Baley s’agita, mal à l’aise. On ne pouvait mettre en doute la science des experts ni la logique des ordinateurs.

— Mais alors, qu’attendez-vous de moi, si tout est comme vous venez de le dire ?

— Rapportez-nous des renseignements, des renseignements précis ! Le point noir dans toute prédiction sociologique est une information insuffisante. Et nous, nous manquons de tous renseignements sur les Spaciens. Nous en avons été réduits à des extrapolations hasardeuses, à partir de ceux qui sont venus sur Terre. Nous avons dû nous fonder sur ce qu’ils voulaient bien nous dire de la vie sur leurs planètes. Aussi, y a-t-il une chose que nous commençons à connaître : leurs points forts, et quels points forts ! Leurs robots, leur faible densité humaine, leur longévité. Mais le Diable y serait s’ils n’avaient pas de points faibles. Y a-t-il un, ou des facteurs qui, si seulement nous en avions connaissance, pourraient entraver la certitude sociologique de notre anéantissement, quelque chose qui déciderait de notre manière d’agir et améliorerait les chances de survie de la Terre ?

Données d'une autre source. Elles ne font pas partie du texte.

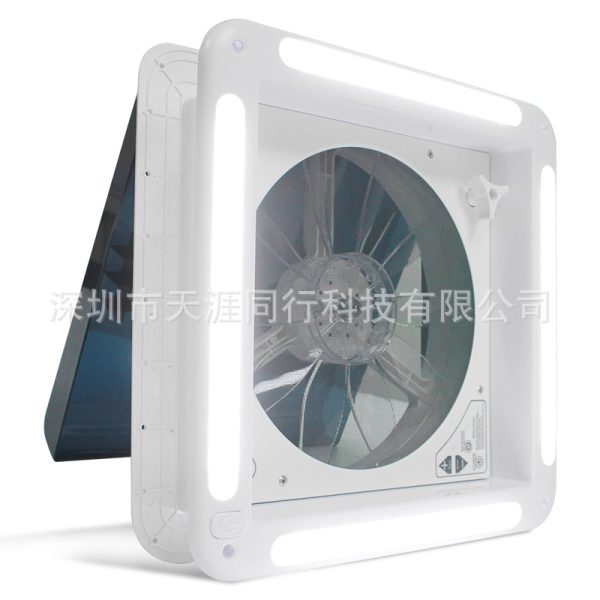 RV ROOF VENT FAN 14INCH WIEH LED 6 SPEEDS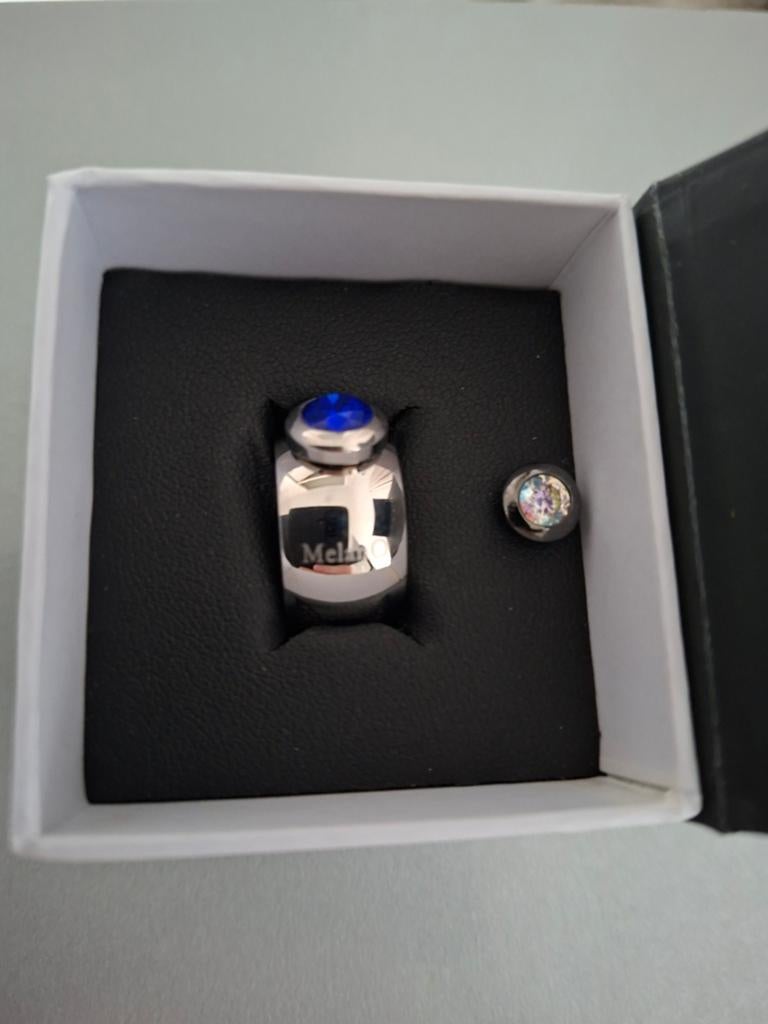 Prachtige melano ring in originele doosje, Ophalen of Verzenden, Dame, Zilver, Kleiner dan 17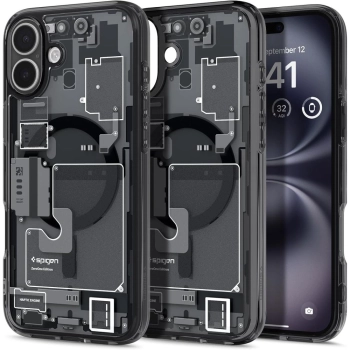 Etui ochronne na iPhone 16 Ultra Hybrid MagSafe Zero One - ciemnoszare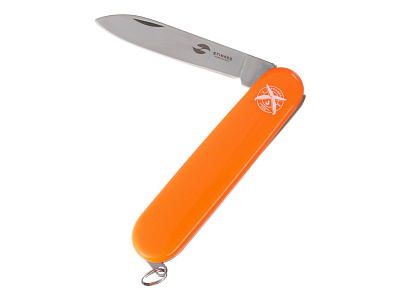 Нож перочинный, 90 мм, 2 функции (Оранжевый)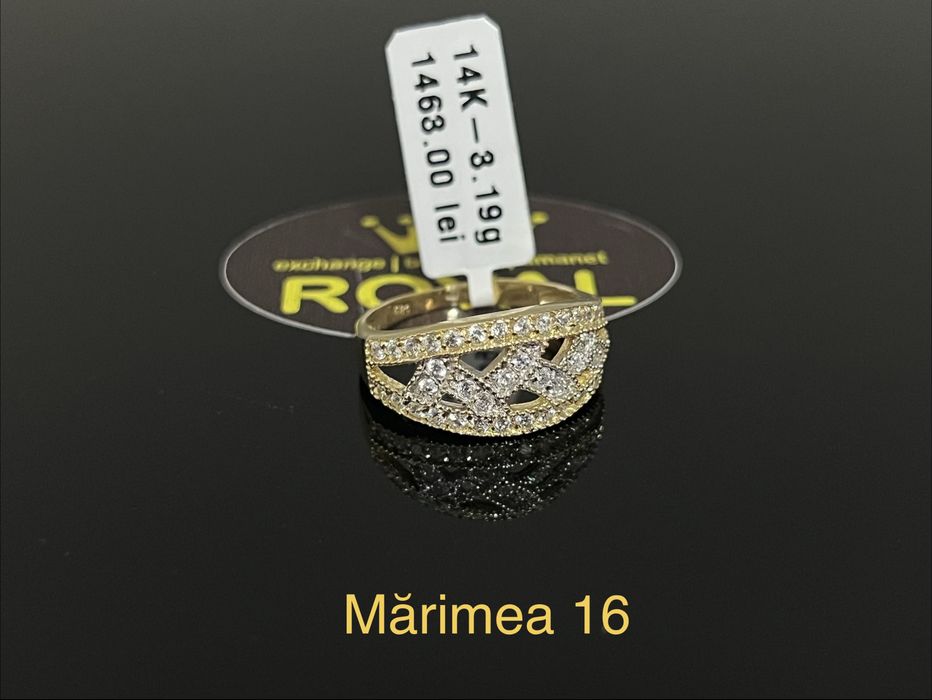 Bijuteria Royal CB : Inel dama aur 14k 3,19gr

— Est-ce qu’un sociologue ne serait pas plus qualifié que moi, monsieur ?

Minnim hocha la tête :

— Si nous pouvions envoyer là-bas qui nous voulons, il y a dix ans que quelqu’un serait sur place ; nous l’aurions envoyé dès que nous avons abouti à de telles conclusions. Vous êtes la première chance que nous ayons d’avoir un agent là-bas. Ils réclament un enquêteur : nous ne pouvions demander mieux. Un détective est un peu sociologue, croyez-moi ; un sociologue empirique et terre à terre, mais c’en est un tout de même, sinon ce ne serait pas un bon enquêteur. Et tout votre dossier prouve que vous en êtes un bon.